Berdasarkan data Otoritas Jasa Keuangan (OJK), banyak guru terjerat pinjaman online (pinjol). Apa sebenarnya alasan banyak guru atau pendidik terjerat pinjol? Menurut Rhenald Kasali, banyaknya guru yang terlilit pinjol berkaitan dengan kurangnya likuiditas di masyarakat menengah ke bawah. Hal tersebut terjadi lantaran likuiditas yang berkurang di masyarakat menengah ke bawah. Bahkan dana perbankan diambil dari BPR untuk membiayai konsumsi masyarakat menengah bawah ini. Kecukupan likuiditas sangat penting pada masyarakat menengah ke bawah. Hal ini tercermin dari data kinerja perusahaan konsumer di BEI. Data BEI kuartal II-2023 menunjukkan penurunan penjualan perusahaan konsumer segmen menengah ke bawah, salah satunya penjualan di Ramayana dan Matahari.
Anggota Dewan Komisioner Bidang Edukasi dan Perlindungan Konsumen Otoritas Jasa Keuangan (OJK) Friderica Widyasari Maret lalu mengatakan, sebanyak 43 persen korban pinjol ilegal berasal dari profesi guru. “Hasil penelitian ini sangat menarik, yaitu guru yang kita harapkan memiliki tingkat literasi yang tinggi, ternyata paling banyak terkena jebakan pinjaman (online) ilegal,” ujar Friderica. OJK menyebut ada beberapa alasan yang mendasari hasil riset yang menyebut bahwa guru banyak yang terlilit pinjol.

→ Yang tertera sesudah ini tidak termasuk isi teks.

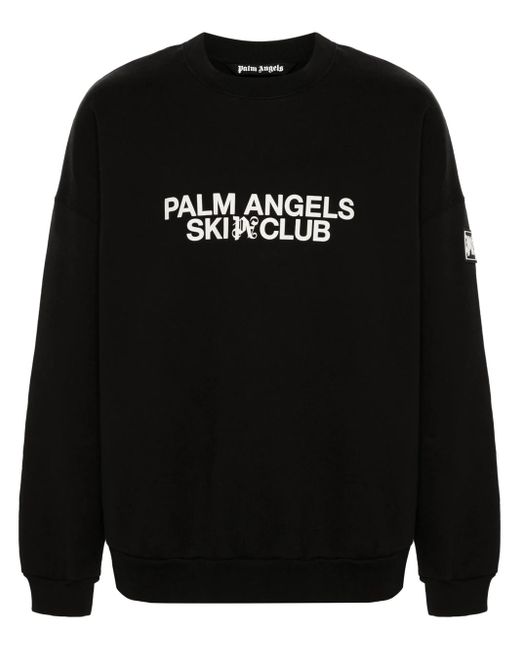 Palm Angels Black Pa Ski Club Sweatshirt for men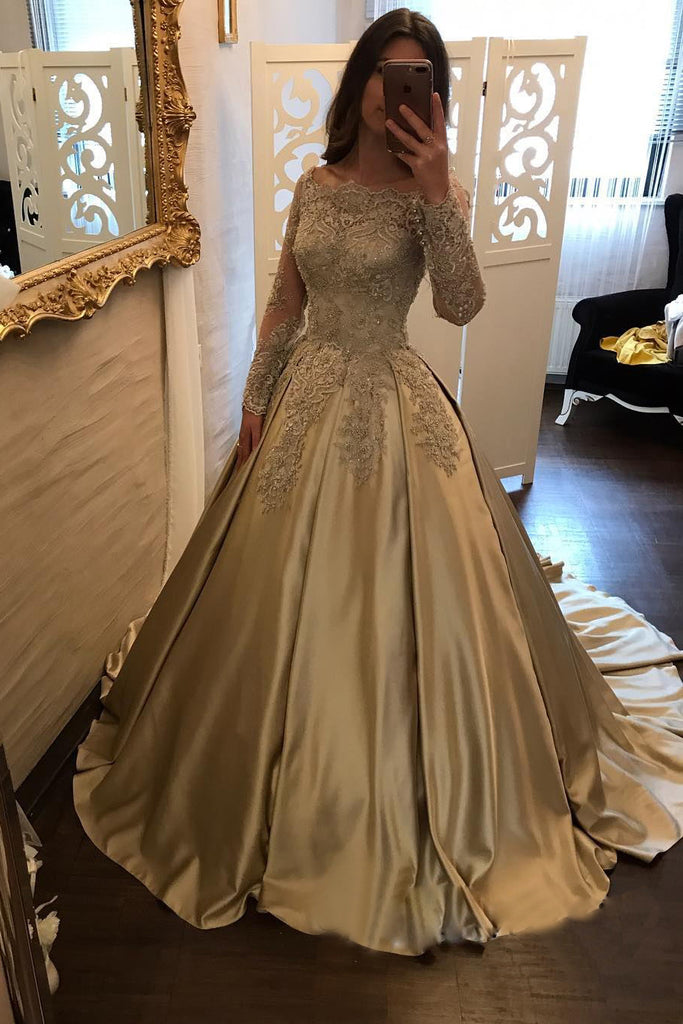 Satin Prom Dress,Ball Gown Prom Dress,Long Sleeve Bridal Gowns,Lace Prom Gown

1. Karena masih banyak guru atau tenaga pendidik yang memiliki latar belakang ekonomi menengah ke bawah. Sehingga, tidak jarang, para guru seringkali tebuai dengan janji pinjaman yang mudah dan cepat.

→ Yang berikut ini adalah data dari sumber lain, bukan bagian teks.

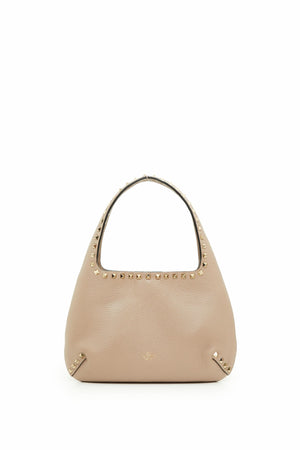 BORSA HOBO PICCOLA ROCKSTUD IN VITELLO GRANATO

2. Banyak guru yang tidak memiliki akses pembiayaan. Keterbatasan akses pembiayaan tersebut menyebabkan banyak guru yang terkendala dalam memperoleh pinjaman, dan akhirnya terjebak dalam tawaran pinjol ilegal.
3. Kemudahan provider untuk membuat aplikasi pinjol ilegal.
“Ada pengaruh iklan atau sosial media. Tawaran pinjol ilegal ini memberikan pinjaman dana yang cepat tanpa memperhatikan risiko, legalitas pemberi pinjaman dan kemampuan bayar kemudian menjadi pilihan,” ujar Kiki.